:: MATERIAL FOR THE TASK ::

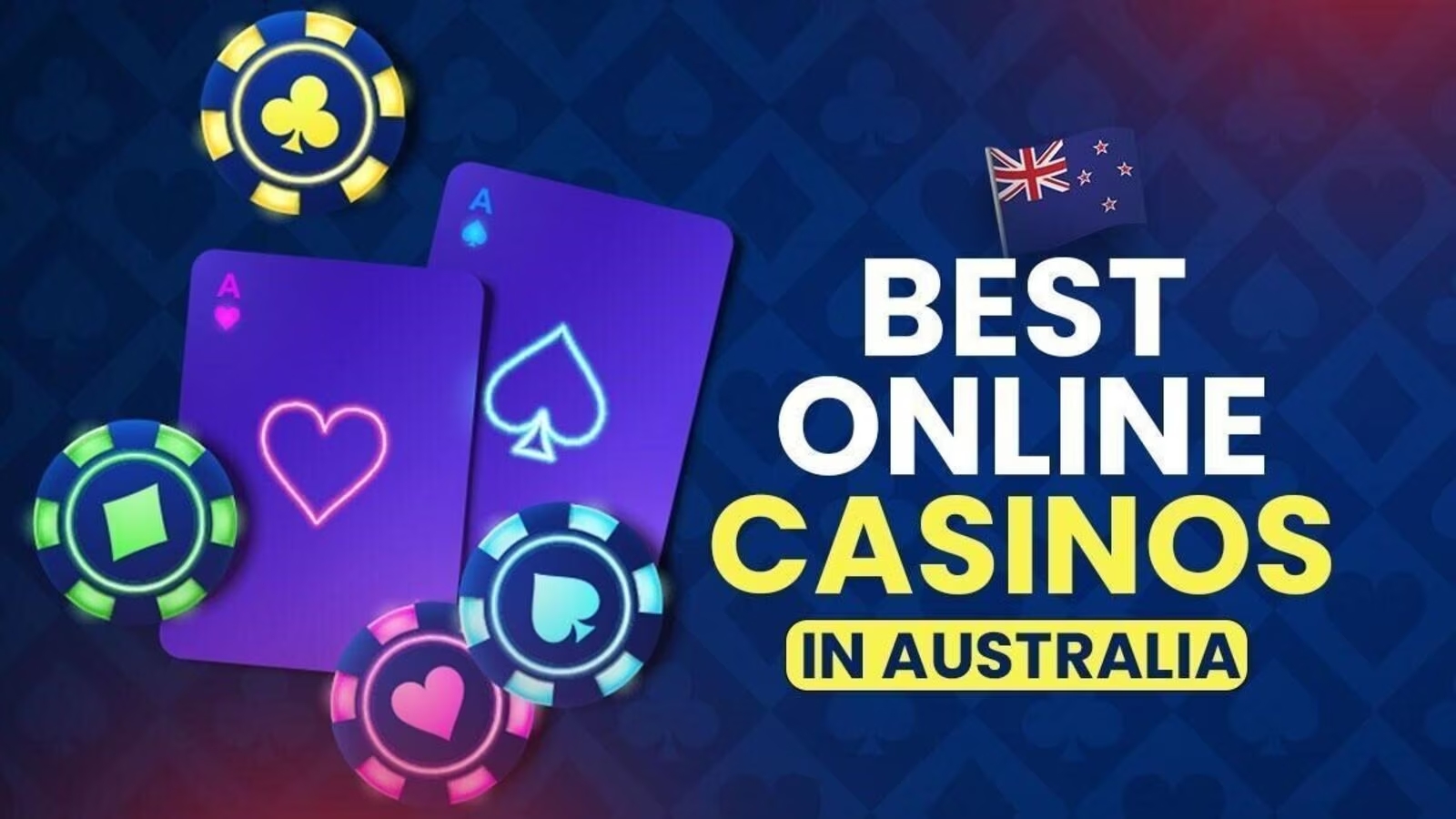 Casinos for Aussies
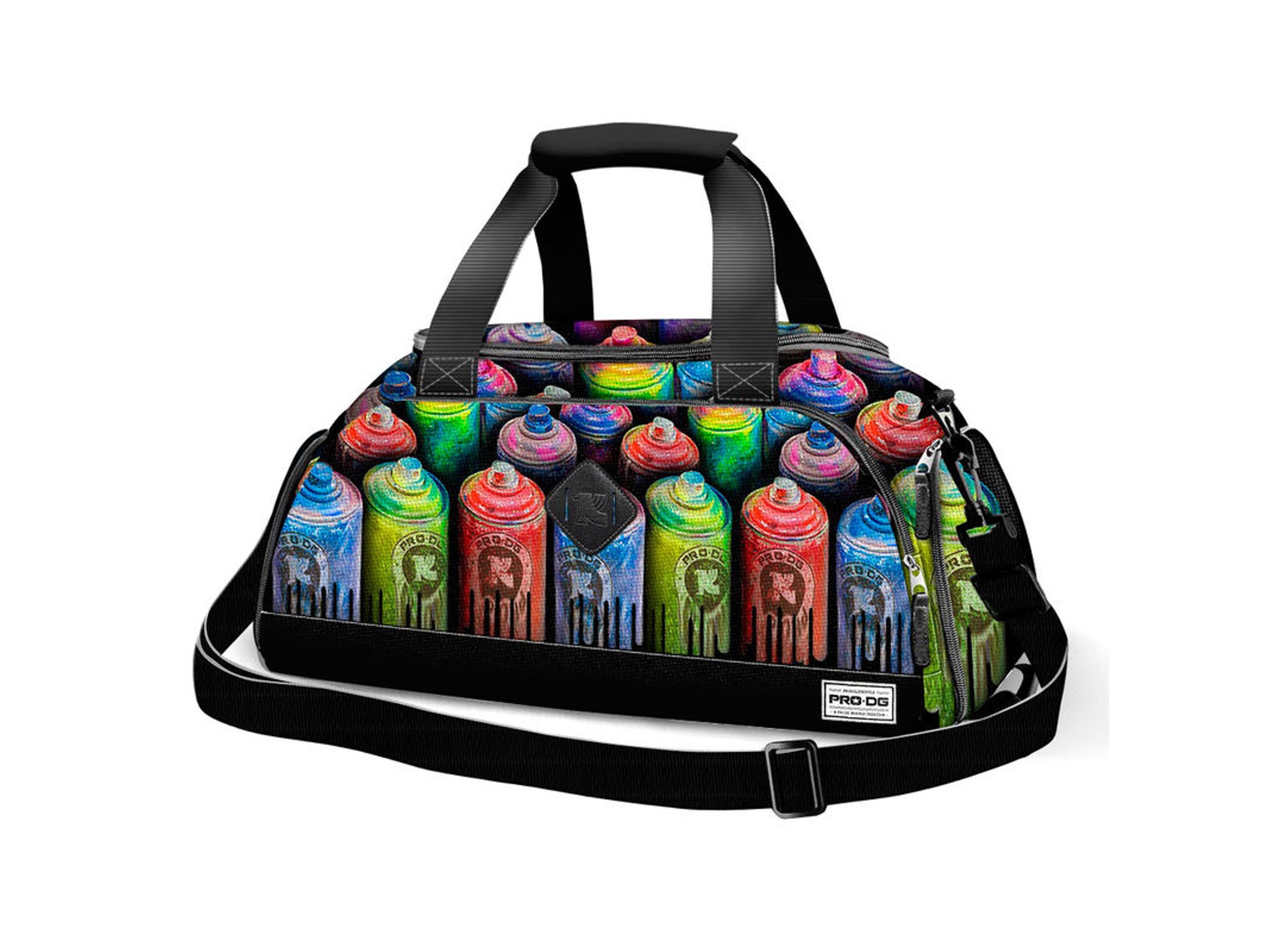 Bolsa Deportiva PRO-DG Pro DG Colors 55cm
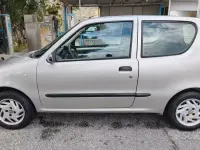 Usata Fiat Seicento 54 CV (39 kW) 2002 Grigio Utilitaria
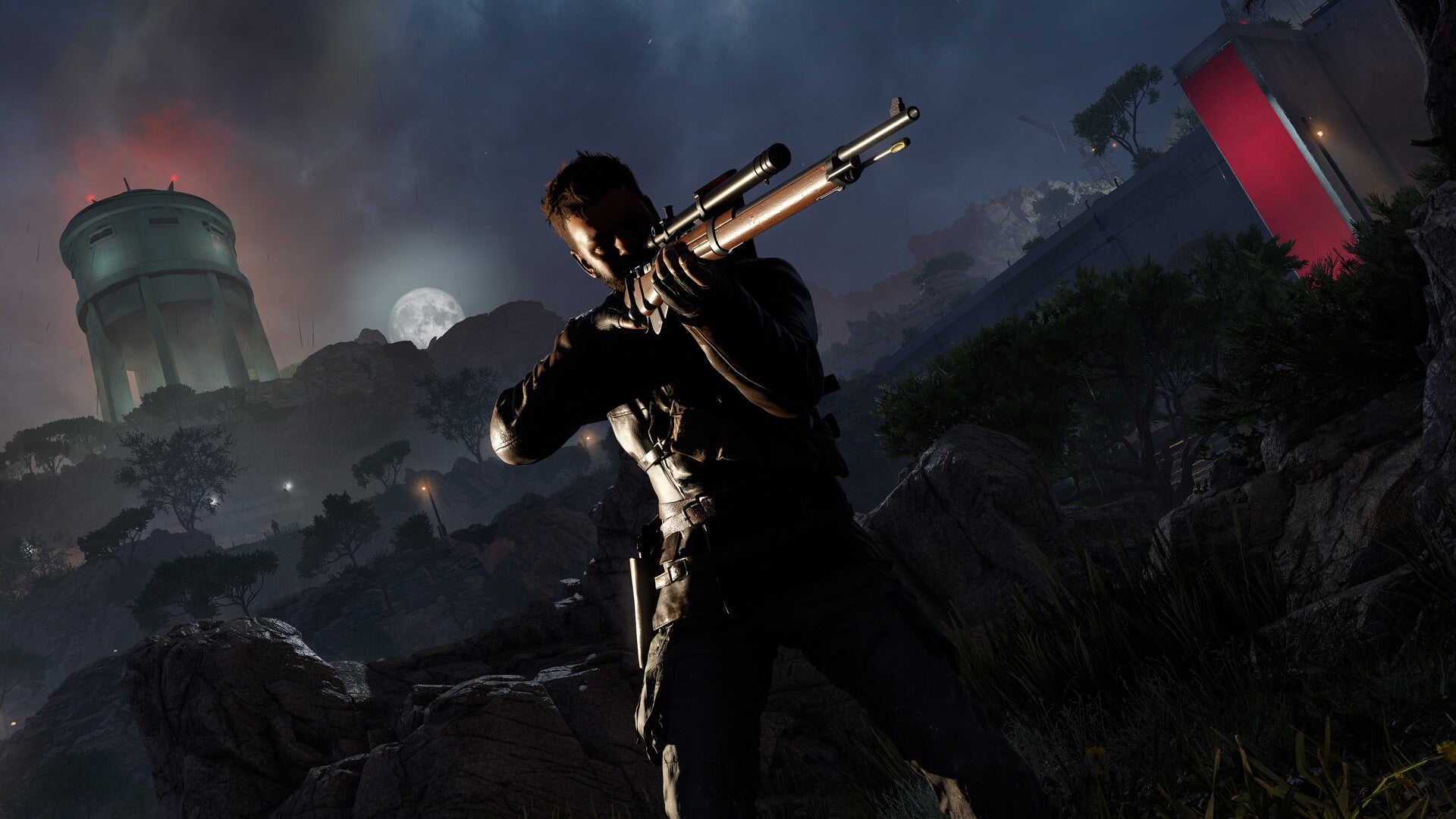Sniper Elite: Resistance - Weapon Pre-Order Pack DLC EU PS4 CD Key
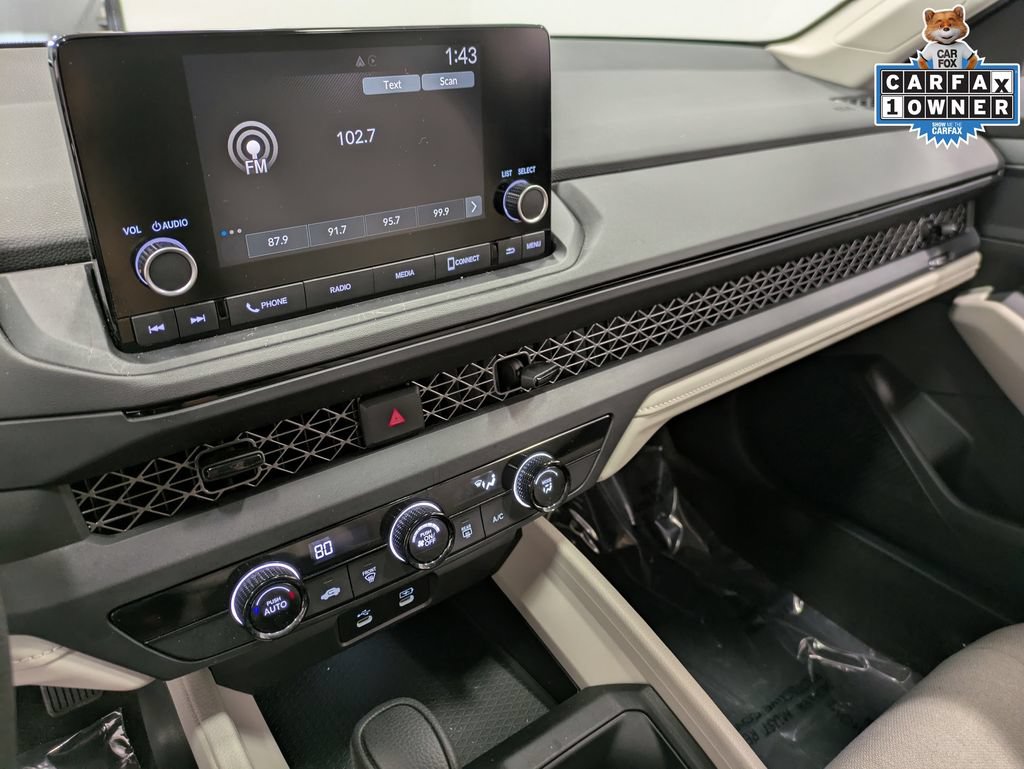 Certified 2024 Honda Accord LX image 10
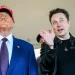 Elon Musk 90 minuta brenda Pentagonit, Trump i ndalon aksesin në planin e luftës së mundshme ndaj Kinës: Ka konflikt interesi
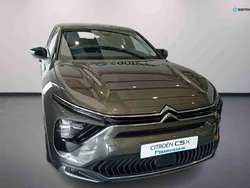 Cinzento Novo 2024 Citroën C5 X Shine Citadino | € 52.298 (Caro)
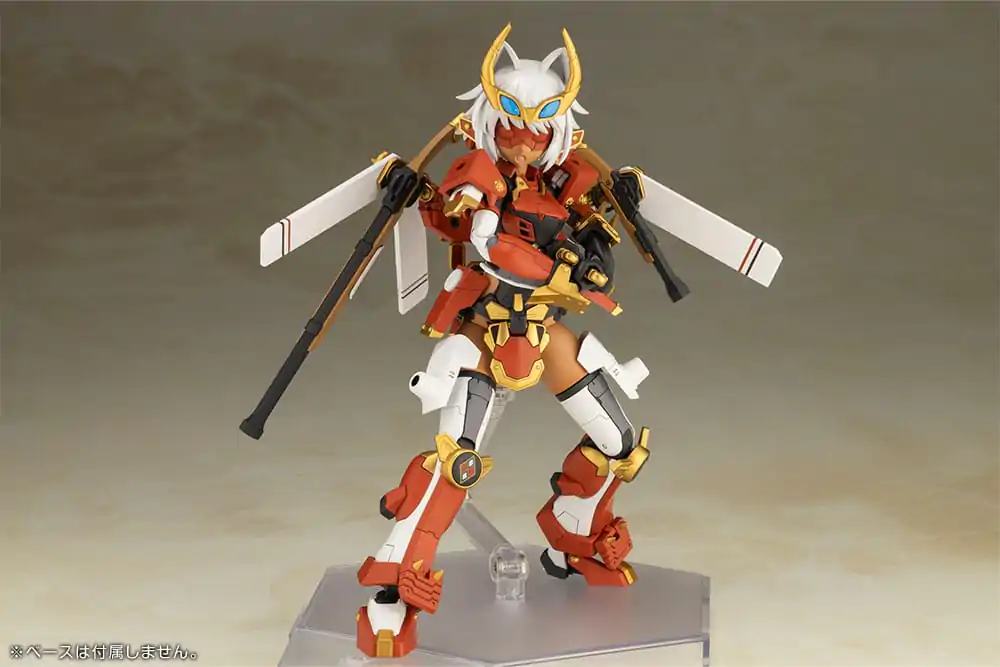Frame Arms Girl Kunststoff-Modellbausatz Shingen 16 cm Produktfoto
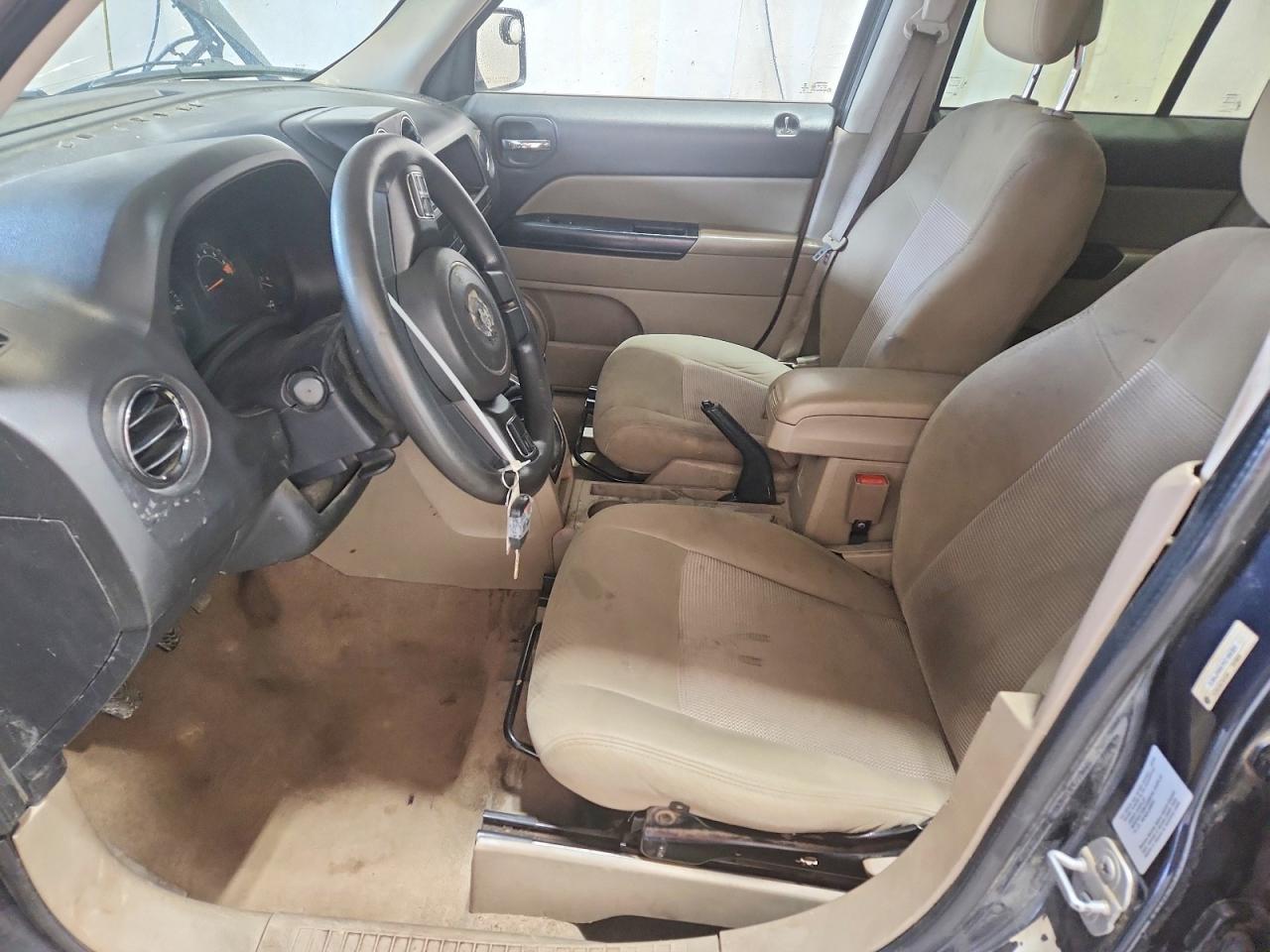 2015 JEEP PATRIOT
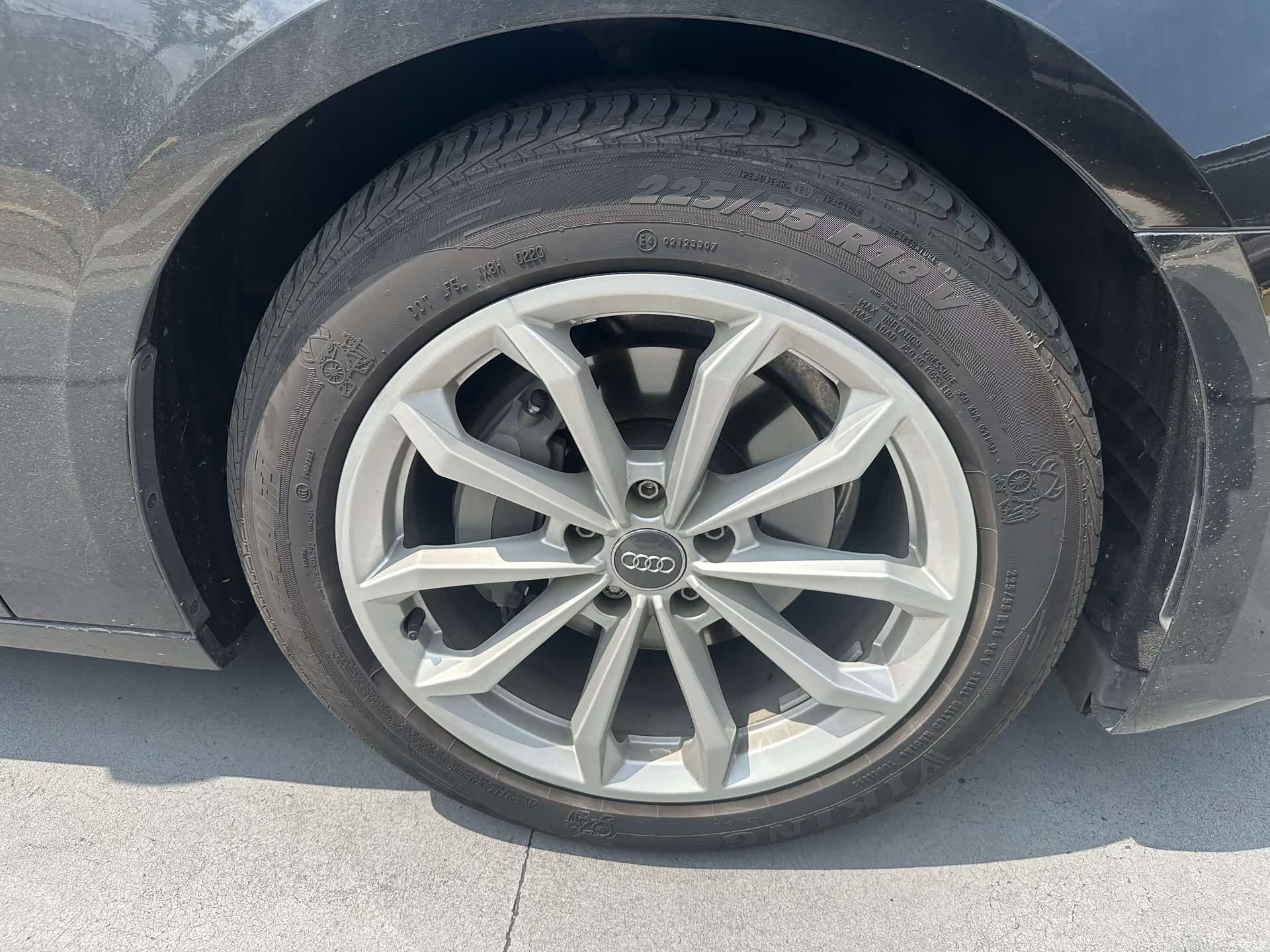 Audi A6L, 2019 16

:::

_YOUR INSTRUCTIONS_
Pictures stay out; reproduce exactly the lines from the one containing "Cinzento Novo 2024" through the end of the data.

_SOLUTION_
 Cinzento Novo 2024 Citroën C5 X Shine Citadino | € 52.298 (Caro)
Frame Arms Girl Kunststoff-Modellbausatz Shingen 16 cm Produktfoto
 2015 JEEP PATRIOT
 Audi A6L, 2019 16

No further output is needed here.